* **Problem to work on**: Any image in the records is to be skipped; everything else should be reproduced exactly.

Available records START

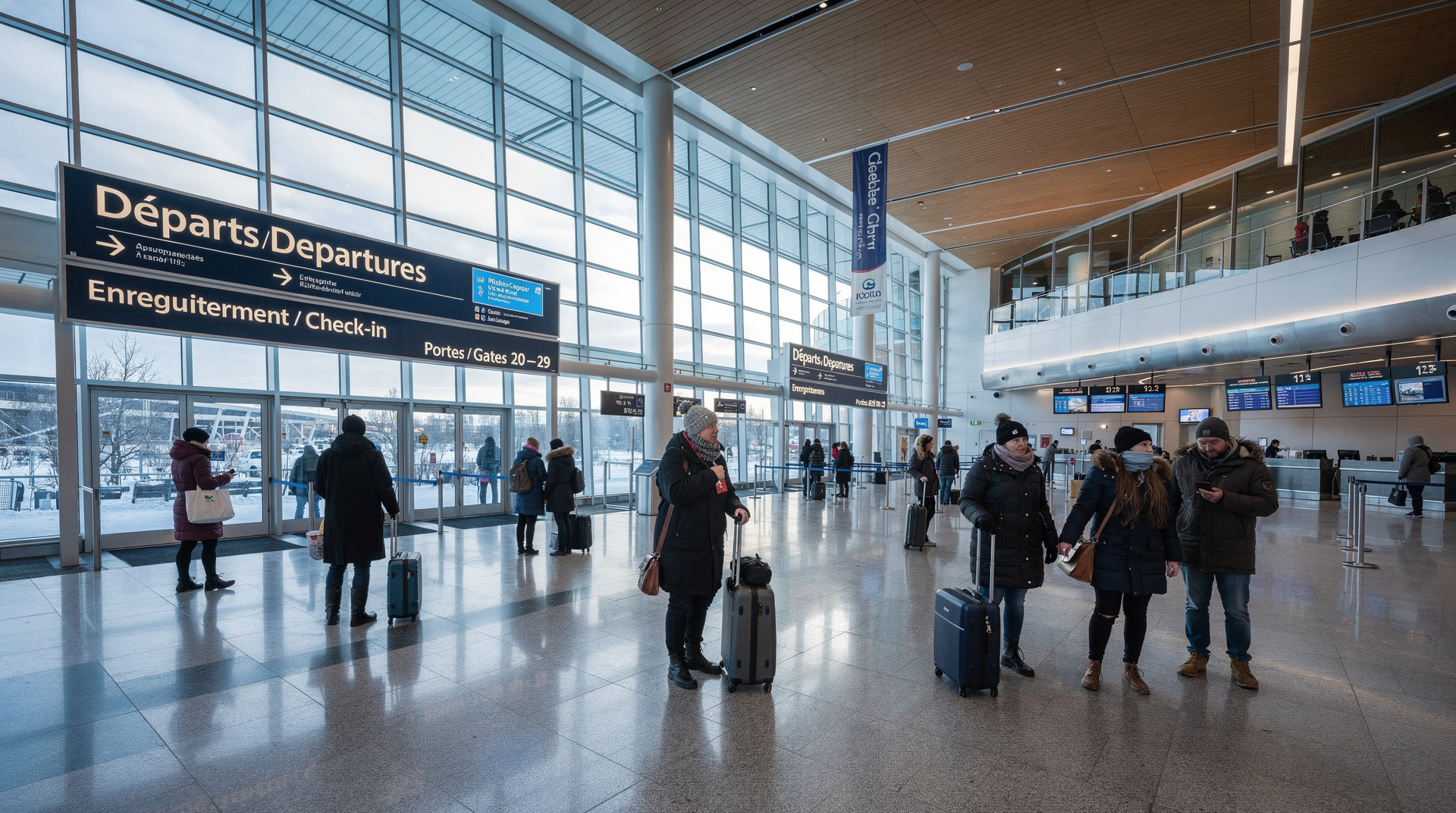 Guide de l'aéroport YQB de Québec — Tout ce qu'il faut savoir pour arriver à l'aéroport Jean-Lesage de Québec : nave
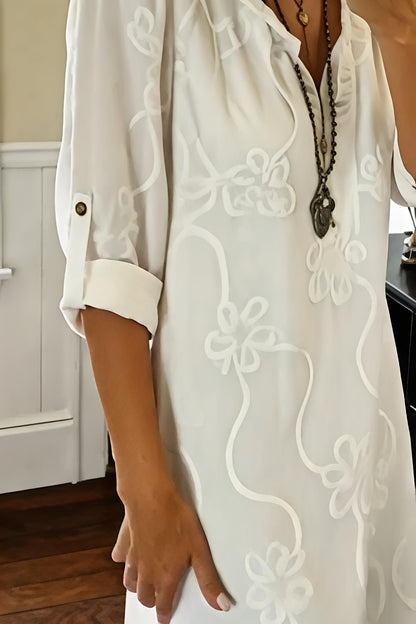 White Embroidered Midi Dress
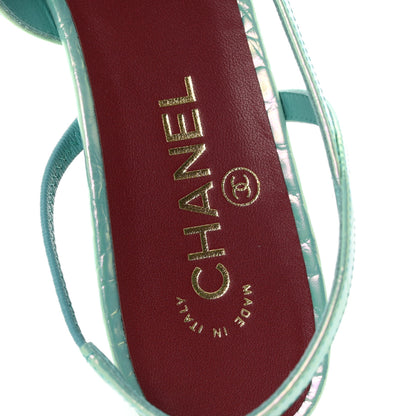 Chanel Iridecent Calfskin Crocodile Embossed CC Cap Toe CC Slingback Pumps 41 Green 8 of 10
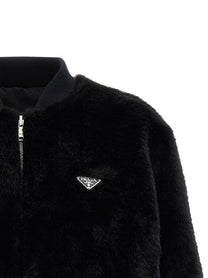PRADA Eco Fur and Re Nylon Reversible Bomber Jacket Black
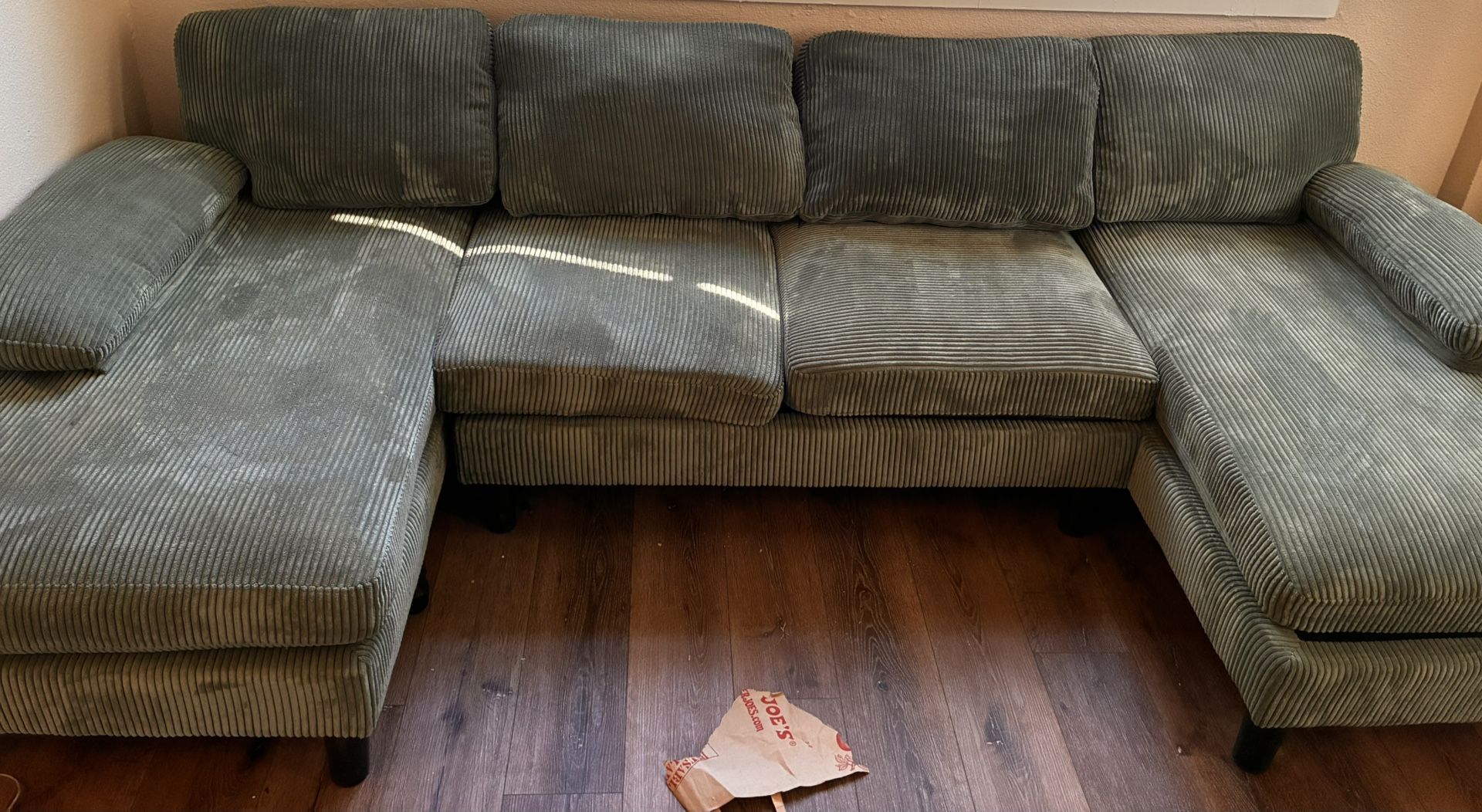 Green Corduroy 3-Piece Sectional Sofa – Like New 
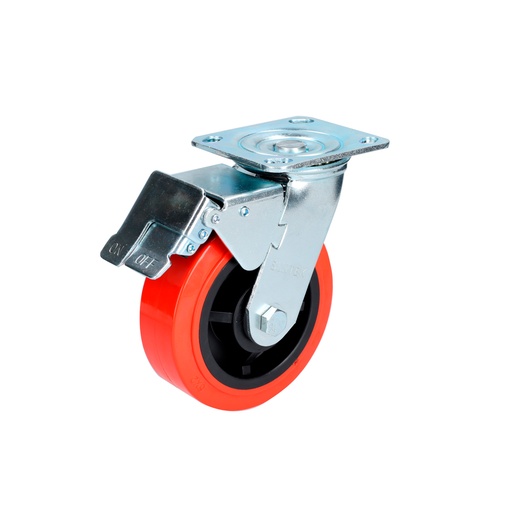 [RR15B] Rodaja de poliuretano rojo giratoria con freno 6" Surtek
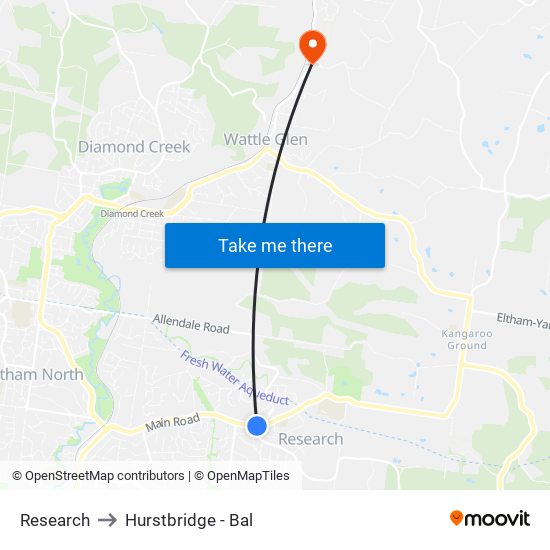 Research to Hurstbridge - Bal map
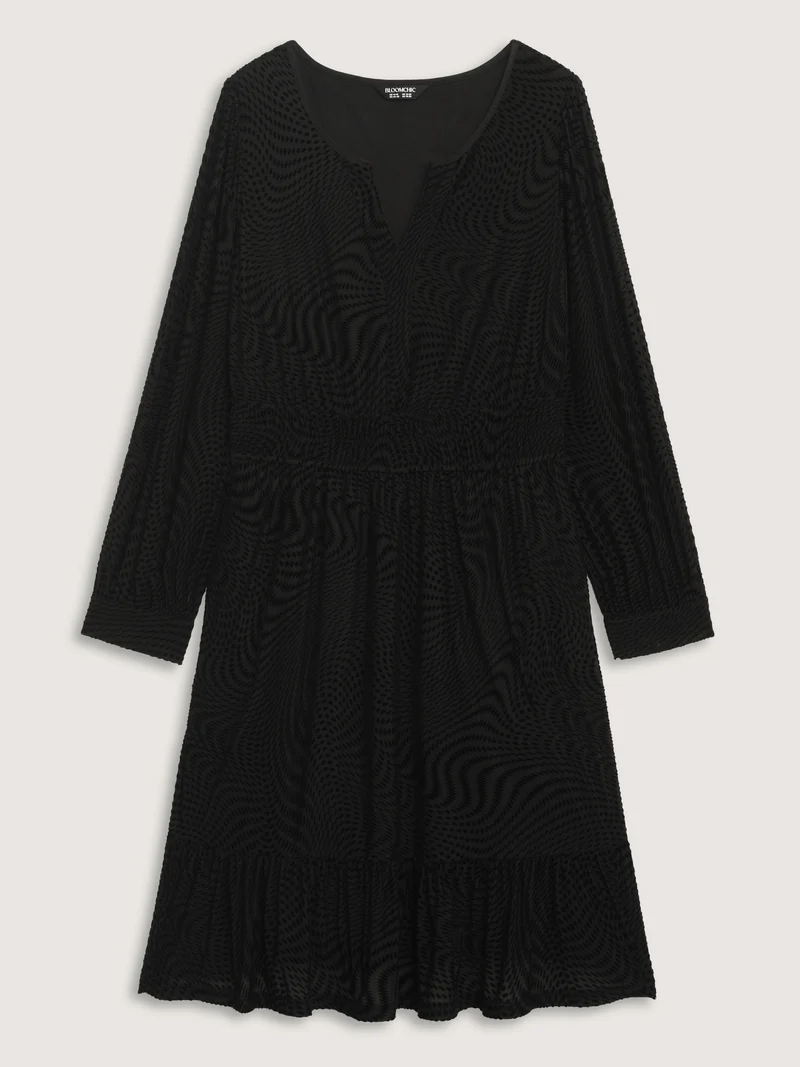Velvet Laser Cut Ruffled Hem Midi Dress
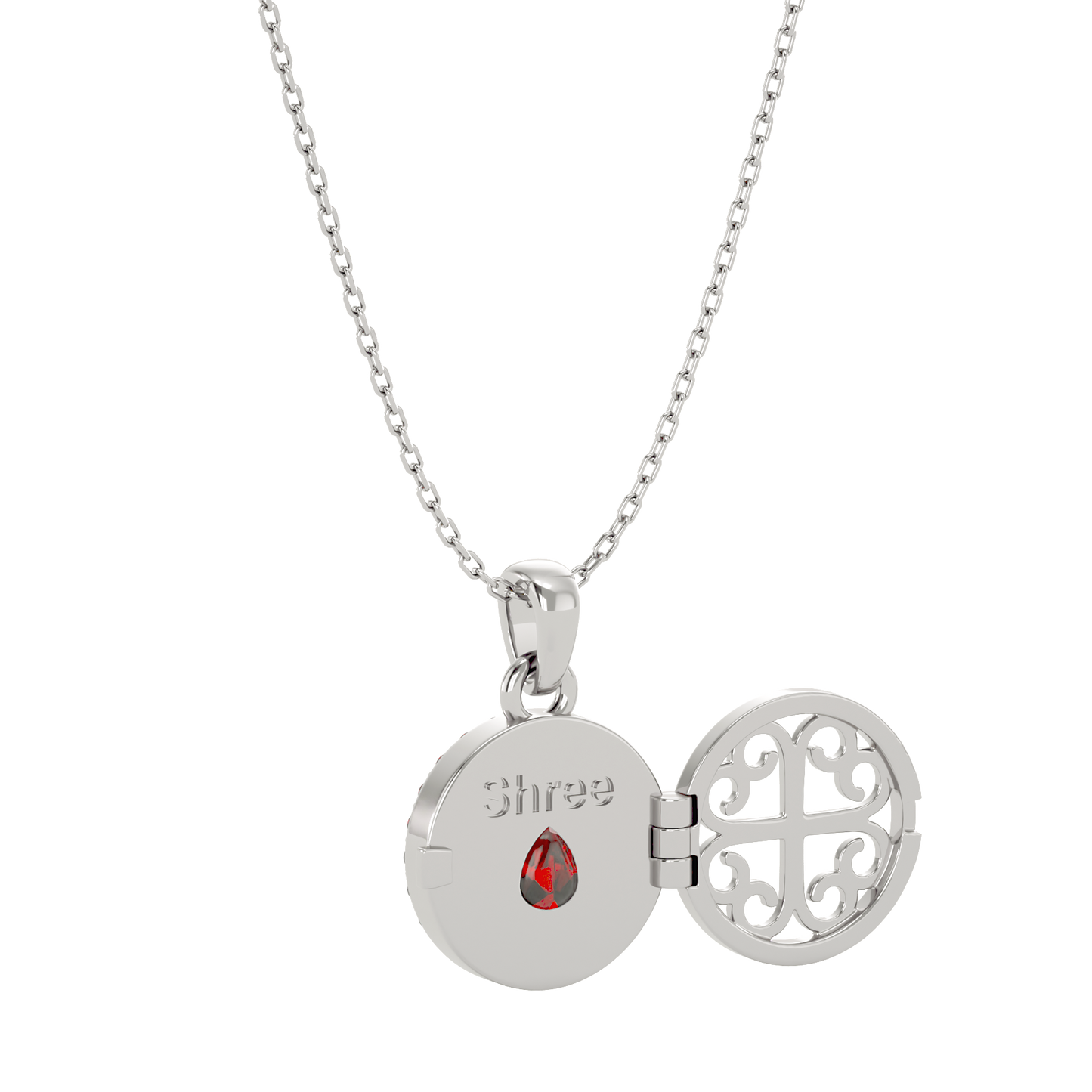 925 Silver Garnet & CZ Locket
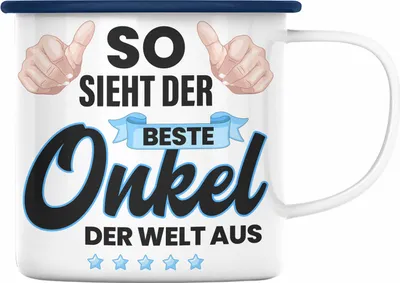 Produktbild von Trendation - Bester Onkel Geschenk von Nichte Neffe Lustige Emaille Tasse Spruch Geschenke für Onkel Nichten Geschenkidee Lustig (Blau)
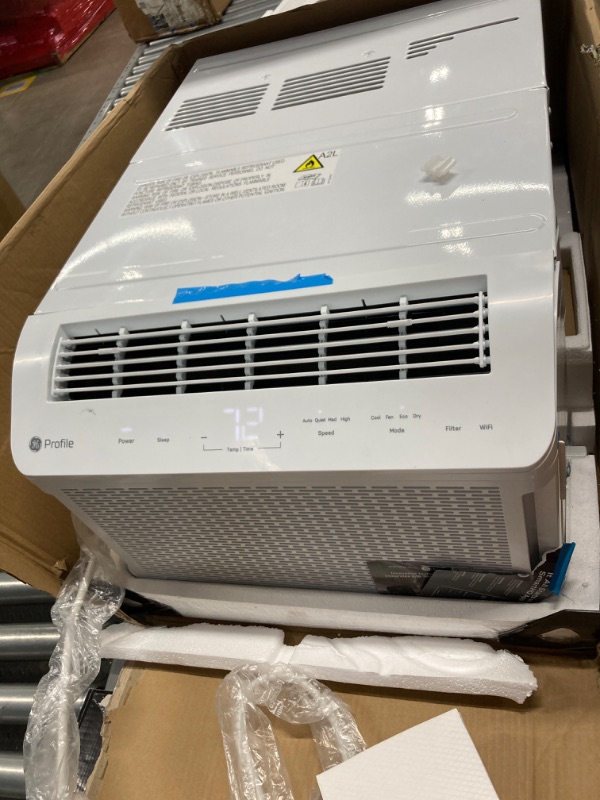 Photo 1 of GE Profile ClearView Window Air Conditioner Unit, 8,300 BTU, U-Shaped Adjustable Depth, Energy Efficient Cooling up to 350 sq ft., Ultra Quiet, SMART Home Capable, Includes Remote, White 8300 BTU Non-Inverter White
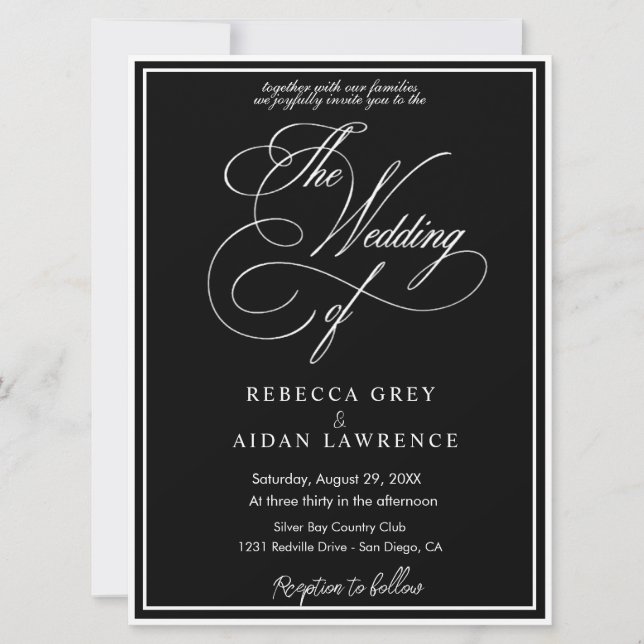 Modern Minimalist Black & White Wedding Invitation (Front)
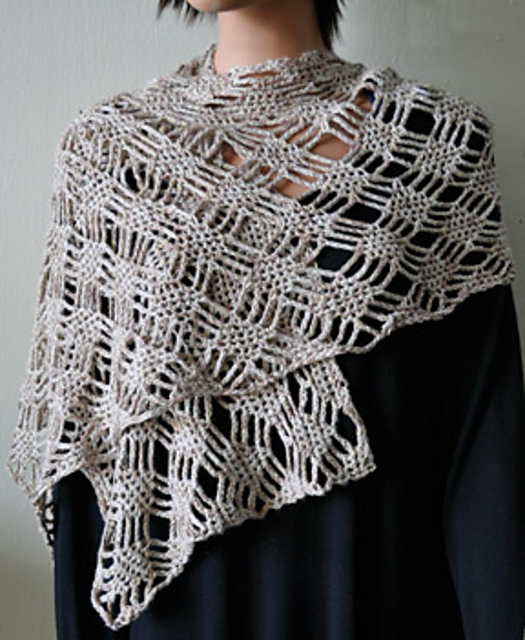 GROUND Y Dobby wool Lattice stole/Dobby wool lace stole Navy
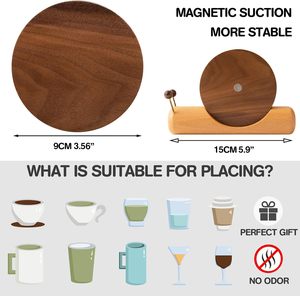 Handmade Rustic Square Solid Wood Eco-Friendly Coasters Set Durable Drink <b>Mats</b> Home Dining Table Kitchen Coffee Shop Cafe - Product Image 2
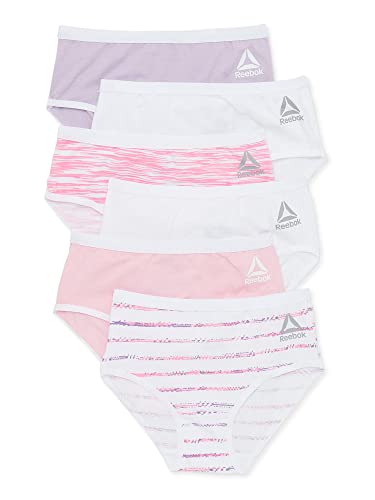 Reebok 6-Pack Toddlers Girls Soft Underwear Cotton Stretch Briefs(Pink-Purple-4T/5T)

Available records END

* **Answer to this task**:
 Guide de l'aéroport YQB de Québec — Tout ce qu'il faut savoir pour arriver à l'aéroport Jean-Lesage de Québec : nave
 White Embroidered Midi Dress
 Chanel Iridecent Calfskin Crocodile Embossed CC Cap Toe CC Slingback Pumps 41 Green 8 of 10
PRADA Eco Fur and Re Nylon Reversible Bomber Jacket Black
 Green Corduroy 3-Piece Sectional Sofa – Like New 
 [RR15B] Rodaja de poliuretano rojo giratoria con freno 6" Surtek
 Research to Hurstbridge - Bal map
Velvet Laser Cut Ruffled Hem Midi Dress
 925 Silver Garnet & CZ Locket
 Produktbild von Trendation - Bester Onkel Geschenk von Nichte Neffe Lustige Emaille Tasse Spruch Geschenke für Onkel Nichten Geschenkidee Lustig (Blau)
 Photo 1 of GE Profile ClearView Window Air Conditioner Unit, 8,300 BTU, U-Shaped Adjustable Depth, Energy Efficient Cooling up to 350 sq ft., Ultra Quiet, SMART Home Capable, Includes Remote, White 8300 BTU Non-Inverter White
 Modern Minimalist Black & White Wedding Invitation (Front)
 GROUND Y Dobby wool Lattice stole/Dobby wool lace stole Navy
 Handmade Rustic Square Solid Wood Eco-Friendly Coasters Set Durable Drink <b>Mats</b> Home Dining Table Kitchen Coffee Shop Cafe - Product Image 2
 Reebok 6-Pack Toddlers Girls Soft Underwear Cotton Stretch Briefs(Pink-Purple-4T/5T)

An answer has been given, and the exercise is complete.